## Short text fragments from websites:
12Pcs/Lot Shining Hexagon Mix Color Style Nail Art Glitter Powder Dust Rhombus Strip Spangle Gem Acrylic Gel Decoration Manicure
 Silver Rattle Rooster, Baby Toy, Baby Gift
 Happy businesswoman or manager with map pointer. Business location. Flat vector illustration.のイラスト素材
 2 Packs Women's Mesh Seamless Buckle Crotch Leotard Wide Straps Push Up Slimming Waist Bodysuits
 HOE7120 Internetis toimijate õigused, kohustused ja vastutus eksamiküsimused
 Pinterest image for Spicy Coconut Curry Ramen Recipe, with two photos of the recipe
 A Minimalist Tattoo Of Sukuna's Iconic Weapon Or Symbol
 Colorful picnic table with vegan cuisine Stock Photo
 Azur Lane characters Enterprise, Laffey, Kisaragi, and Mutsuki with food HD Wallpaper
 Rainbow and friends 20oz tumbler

## WORK TO BE COMPLETED:
Only the lines from the one with "Pinterest image for" to the end of the entries above belong in your answer. Retype them exactly.

## COMPLETED EXERCISE:
 Pinterest image for Spicy Coconut Curry Ramen Recipe, with two photos of the recipe
 A Minimalist Tattoo Of Sukuna's Iconic Weapon Or Symbol
 Colorful picnic table with vegan cuisine Stock Photo
 Azur Lane characters Enterprise, Laffey, Kisaragi, and Mutsuki with food HD Wallpaper
 Rainbow and friends 20oz tumbler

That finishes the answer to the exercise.